Sometimes, the format of the data that serves as the start of a use case doesn't actually match the desired format of the results. These situations require data transformations(s), molding the data to match the expectations and wishes of the use case.
Each dataset uploaded to the TIM Repository has a certain sampling period. Sometimes, it may be desirable to scale the data over time, so that the data can be worked with in another granularity than the original (estimated) sampling period. This timescaling also kicks in when regularizing irregular data to make it more suitable for analysis.
For example, IoT data can be measured with a sampling period of one second, while it might be more useful to analyze this data on a more coarse-grained level, such as with a sampling period of a minute or even 10 minutes. Alternatively, sales data might be collected for each hour, while a use case intended to forecast demand to enable adequate restocking is interested in the expected daily or even weekly sales numbers. In such cases, transforming the data by timescaling enables users to intuitively perform their analysis with TIM.
The timescale is configured by setting the base unit (second, minute, hour or day) and the number of base units (an integer larger than 0) corresponding to the desired sampling period.
There are certain limits on the available sampling rates to transform data to by timescaling:
- the timescale should not be smaller than the original (estimated) sampling period, and
- the timescale should always be a divisor or product of a time unit.
It is for example possible to set the timescale for a dataset with an original sampling period of 1 hour to 8 hours, or 48 hours (equivalent to setting it to 2 days), but it's not possible to set it to 7 hours or 49 hours.
When scaling time series data and thereby increasing the sampling period, the data is aggregated in some way. This means that a variable's values over multiple observations are grouped together and condensed into a single value.
TIM supports multiple ways of aggregating data, including:
- Mean: the mean of the aggregated values is taken,
- Sum: the sum of the aggregated values is taken,
- Minimum: the minimum of the aggregated values is taken, and
- Maximum: the maximum of the aggregated values is taken.
Currently, the chosen aggregation type is applied over the complete dataset, i.e. there is no way to differentiate the type of aggregation between different variables.
Imagine a dataset that consists of product sales numbers, and includes temperature data as a potential predictor. It makes sense to aggregate these sales amounts by Sum, yet intuition indicates temperature would better be aggregated by Mean. Separately setting these aggregation types is currently not supported; however this is mathematically not problematic (in regular datasets) in model building as these differences are caught by the model's coefficients.
By default, TIM aggregates numerical variables by Mean and boolean variables by Maximal.
Working with time zones
Using TIM's transformation functionalities such as timescale and aggregation increases the importance of correctly handling time zones, specifically when working with sampling periods shorter than one day.
Model building on timescaled and/or aggregated data
TIM uses uploaded datasets to train all models on. As mentioned before, it may sometimes be desirable to work with data in another granularity than the original (estimated) sampling period and/or to work with regularized (originally irregular) data. Therefore, timescale, aggregation and imputation configuration options are also available for model (re)building functionalities, so the models can be trained and validated on transformed data.

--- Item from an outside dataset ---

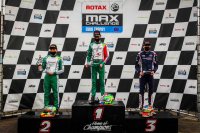 Podium Rotax Senioren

Seeing the power of the data transformation functionalities offers comes easily when looking at some hands-on examples. This section guides the user through different scenarios in which the above functionalities can be especially useful, and how to use them there.
Lowering sampling rate
The dataset visualized below has a sampling period of one hour. It describes hourly consumption rates, and contains some additional meteoroligical data as potential predictors or influencers. This data may be measured with an hourly sampling rate because it makes sense to monitor consumption at this rate, and potentially even detect anomalies at this rate.
Quite possibly, it doesn't make much sense to forecast expected future consumption on an hourly rate. To prepare for expected consumption, it might very well suffice to know the expected consumption on a daily level. A user may does want to scale this data over time so that it has a daily sampling rate. Applying TIM's timescaling feature for this (with default aggregation) results in the following, rescaled, data.

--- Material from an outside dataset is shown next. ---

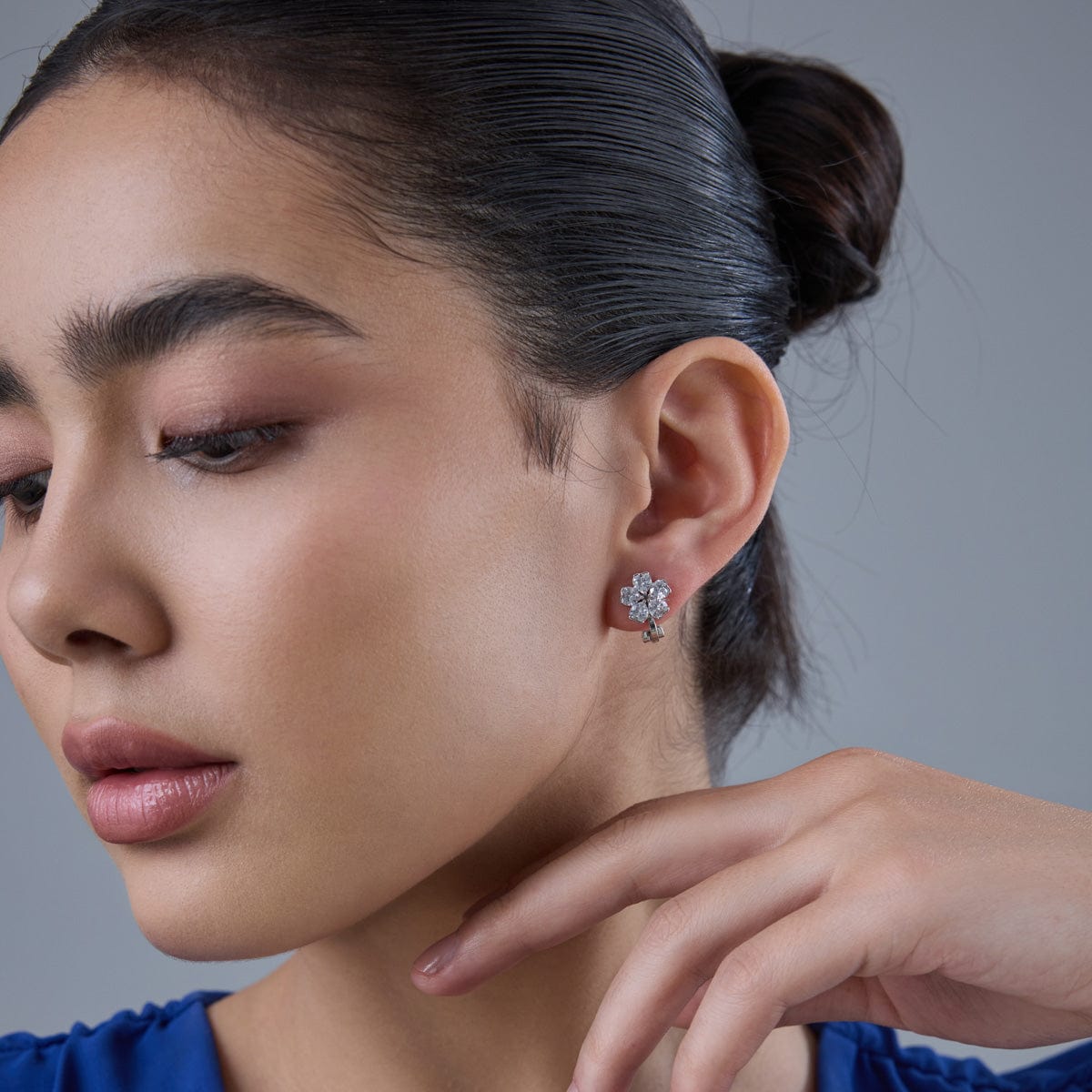 Trendy Zircon Earring Trendy Earring 184218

During timescaling as described above, the default aggregation is applied. That means that the (numerical) variables have been aggregated by their mean. For a use case like this, it might make more sense to work with the sum of the consumption over a day, instead of the mean consumption. Combining the timescale and aggregation features allows the user to achieve this. The line chart below visualizes the data (the consumption variable) after doing so. Upon first examination, this may not look very different from the previous line chart (with default aggregation). Closer inspection indicates however that the values in this line chart are of another order of magnitude (200 000 - 3 700 000 compared to 10 000 - 115 000), as clearly visualized on the y-axis. To mathematically inclined people, this might be an indication as to why not seperately setting different aggregation types (mean and sum) for different variables is not an issue for model building (in regular datasets) since the differences will be caught by the model's coefficients.
Regularly missing data
When working with regularly missing data, timescale and aggregation are still available configurations. As an illustration, the following hourly-sampled foreign exchange dataset clearly shows regular gaps.
When applying timescale to obtain a daily dataset (with default aggregation), the gaps covering the weekends are still visible in the data (since no imputation was applied in this example).

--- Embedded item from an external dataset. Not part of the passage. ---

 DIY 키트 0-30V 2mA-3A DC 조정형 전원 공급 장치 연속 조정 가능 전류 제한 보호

Suppose however that a user wants to work with this data grouped to a weekly sampling rate. In this case, the groups would span over a longer period than the gaps, and consequently there would be no more gaps in the timescaled data. This can also be observed in the line chart below.
Regularizing asynchronous/irregular data
The dataset visualized below is composed of sensor data originating from the monitoring of water quality. Due to the nature of the monitoring the complete dataset is asynchronously sampled, i.e. it consists of irregular data. As displayed above the top right corner of the line chart, TIM estimated the sampling period to be around 900 seconds, or 15 minutes.
Zooming in to the data shows that TIM already regularized the data to some extend, such that the values are actually displayed with a sampling period of 15 minutes. Missing values are still present though, and this regularization is mainly meant to aide in data analysis.
When looking at some of the observations in table format, this can also clearly be seen from the timestamps.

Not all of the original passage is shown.